• _TASK ITEM_: Please take the records that follow and repeat exactly the lines starting with the line with "this 880×495 image." and going on through the line with "this 1270×952 image.".

• _DATA TO PROCESS_:
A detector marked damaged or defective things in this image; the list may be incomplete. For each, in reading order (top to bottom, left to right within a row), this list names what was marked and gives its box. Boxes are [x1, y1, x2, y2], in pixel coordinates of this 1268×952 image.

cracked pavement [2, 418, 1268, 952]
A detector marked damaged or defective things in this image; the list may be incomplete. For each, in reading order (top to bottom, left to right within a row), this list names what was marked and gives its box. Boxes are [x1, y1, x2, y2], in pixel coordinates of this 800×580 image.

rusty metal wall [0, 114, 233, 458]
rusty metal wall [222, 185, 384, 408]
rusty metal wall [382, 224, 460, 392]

--

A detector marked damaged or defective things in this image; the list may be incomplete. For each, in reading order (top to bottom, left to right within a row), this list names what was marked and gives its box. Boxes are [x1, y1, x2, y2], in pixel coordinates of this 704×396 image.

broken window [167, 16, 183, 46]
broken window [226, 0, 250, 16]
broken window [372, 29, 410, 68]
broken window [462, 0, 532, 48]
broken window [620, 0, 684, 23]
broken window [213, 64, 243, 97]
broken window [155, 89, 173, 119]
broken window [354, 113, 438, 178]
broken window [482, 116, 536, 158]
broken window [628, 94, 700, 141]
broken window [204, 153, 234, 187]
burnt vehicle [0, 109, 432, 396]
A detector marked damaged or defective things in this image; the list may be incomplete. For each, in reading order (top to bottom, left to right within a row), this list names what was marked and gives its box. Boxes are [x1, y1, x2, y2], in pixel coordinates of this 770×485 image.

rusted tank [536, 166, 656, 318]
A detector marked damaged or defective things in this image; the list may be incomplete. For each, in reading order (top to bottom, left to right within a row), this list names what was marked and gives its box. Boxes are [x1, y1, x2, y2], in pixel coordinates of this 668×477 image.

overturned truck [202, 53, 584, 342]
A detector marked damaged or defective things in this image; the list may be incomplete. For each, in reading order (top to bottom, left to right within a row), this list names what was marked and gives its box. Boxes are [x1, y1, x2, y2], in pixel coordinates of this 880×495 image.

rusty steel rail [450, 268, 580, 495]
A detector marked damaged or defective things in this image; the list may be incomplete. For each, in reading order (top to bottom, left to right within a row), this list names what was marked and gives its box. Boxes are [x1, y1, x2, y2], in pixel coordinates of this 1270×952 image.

• _FINISHED EXERCISE_:
A detector marked damaged or defective things in this image; the list may be incomplete. For each, in reading order (top to bottom, left to right within a row), this list names what was marked and gives its box. Boxes are [x1, y1, x2, y2], in pixel coordinates of this 880×495 image.

rusty steel rail [450, 268, 580, 495]
A detector marked damaged or defective things in this image; the list may be incomplete. For each, in reading order (top to bottom, left to right within a row), this list names what was marked and gives its box. Boxes are [x1, y1, x2, y2], in pixel coordinates of this 1270×952 image.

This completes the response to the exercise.